Kapal Api dan WAHAHA Siap Produksi Minuman Khas Indonesia di China

PT Kapal Api Global menggandeng perusahaan Tiongkok WAHAHA Group untuk memproduksi minuman khas Indonesia di China.

Liputan6.com, Jakarta - PT Kapal Api Global akan memproduksi minuman dengan kandungan cita rasa Indonesia di China. Kapal Api menggandeng produsen minuman botol WAHAHA Group asal Hangzhou untuk rencana ini.

Kerja sama bisnis ini disambut positif oleh Kedutaan Besar Indonesia di China, serta Duta Besar Djauhari Oratmangun. 
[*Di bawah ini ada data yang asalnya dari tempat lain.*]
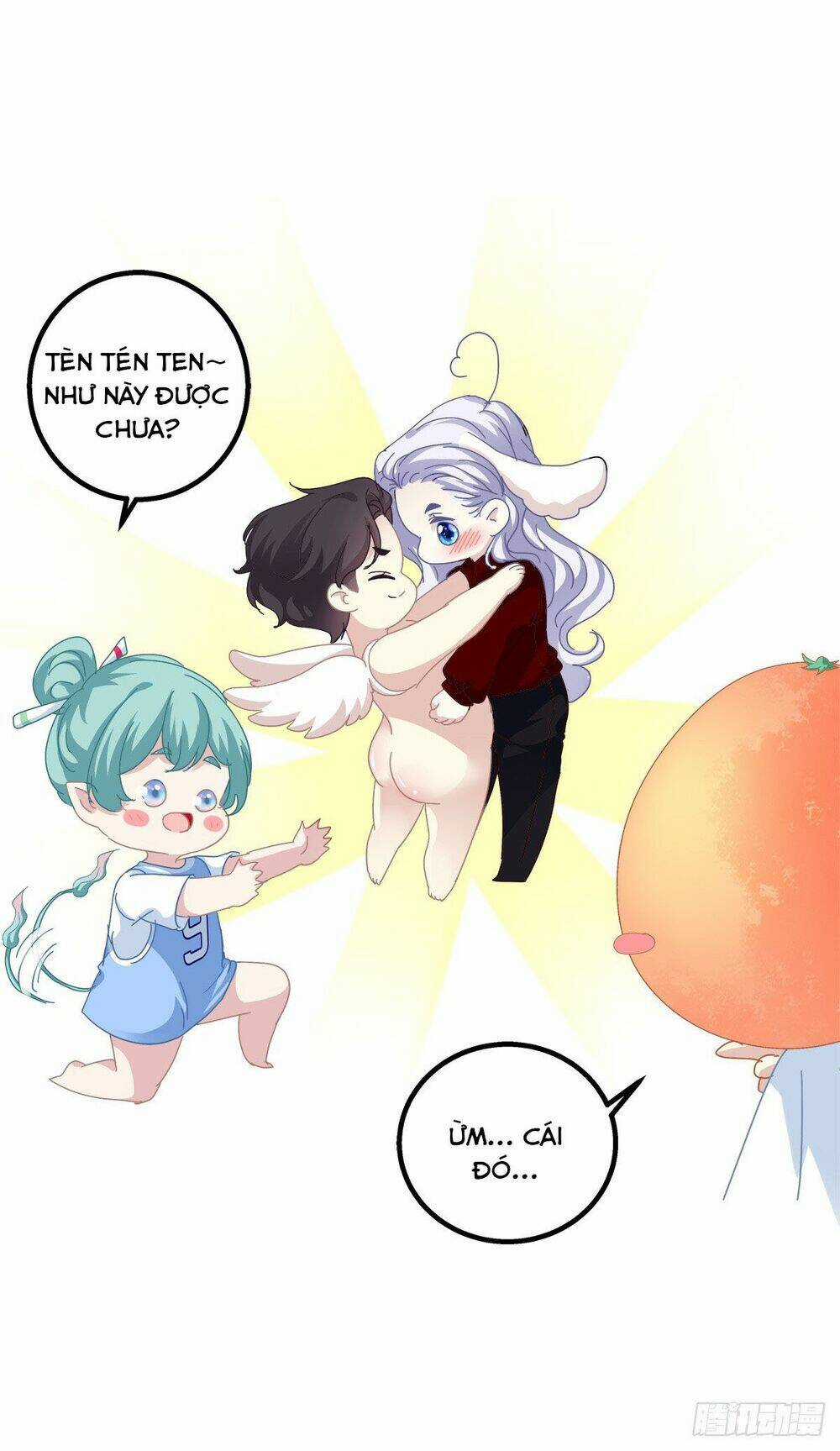 Toàn Bộ Nắm Trong Tay Chapter 21 trang 67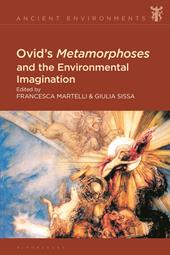 E-book, Ovid's Metamorphoses and the Environmental Imagination, Bloomsbury Publishing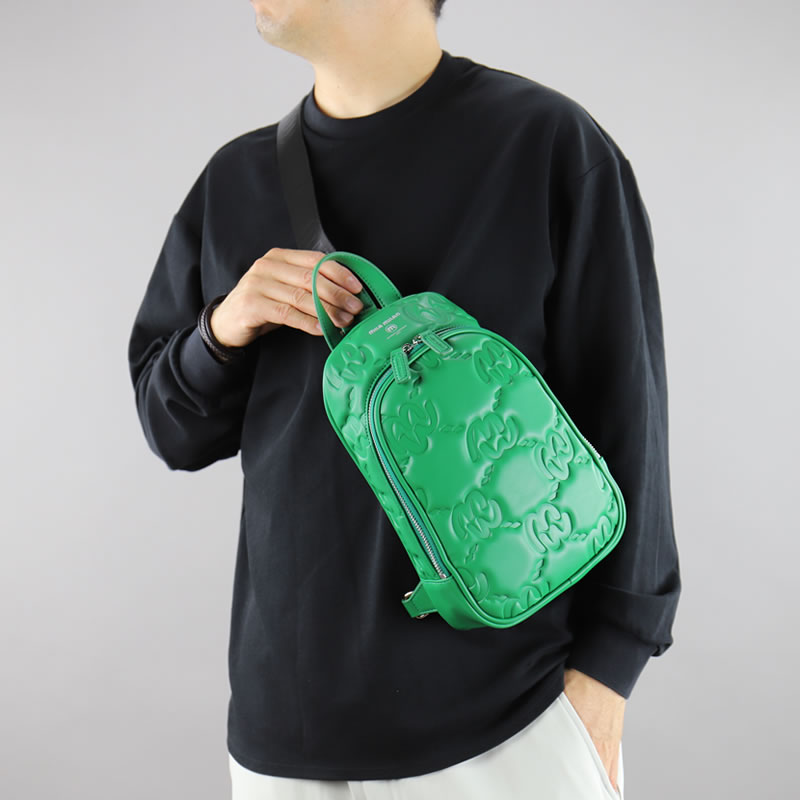 mila milan（ミラ・ミラン） バッグ ボディバッグ メンズ レディース 
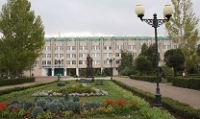 Жәңгір хан атындағы Батыс Қазақстан аграрлық - техникалық университеті;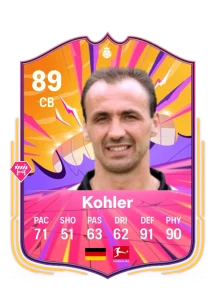 Jurgen Kohler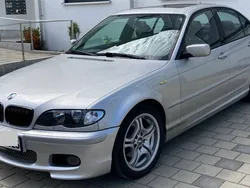Silber Gebraucht 2003 BMW 320 M Sport Limousine | 5.600 € (Etwas zu teuer)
"Masuknya produk kopi Indonesia yang dikembangkan bersama antara WAHAHA Group dan PT Kapal Api Global, diharapkan mampu memberikan terobosan baru dalam mendorong produk minuman besutan kedua perusahaan tesebut di pasar Tiongkok," tulis laporan di situs Kemlu.go.id, seperti dikutip Sabtu (23/1/2021).

Pihak WAHAHA Group mengaku senang dengan dukungan dari Dubes RI dan Konjen RI di China, bersama Chairman INACHAM (Indonesia Chamber of Commerce). Ke depannya, WAHAHA tertarik untuk memperkuat jalinan bisnis antara China dan Indonesia.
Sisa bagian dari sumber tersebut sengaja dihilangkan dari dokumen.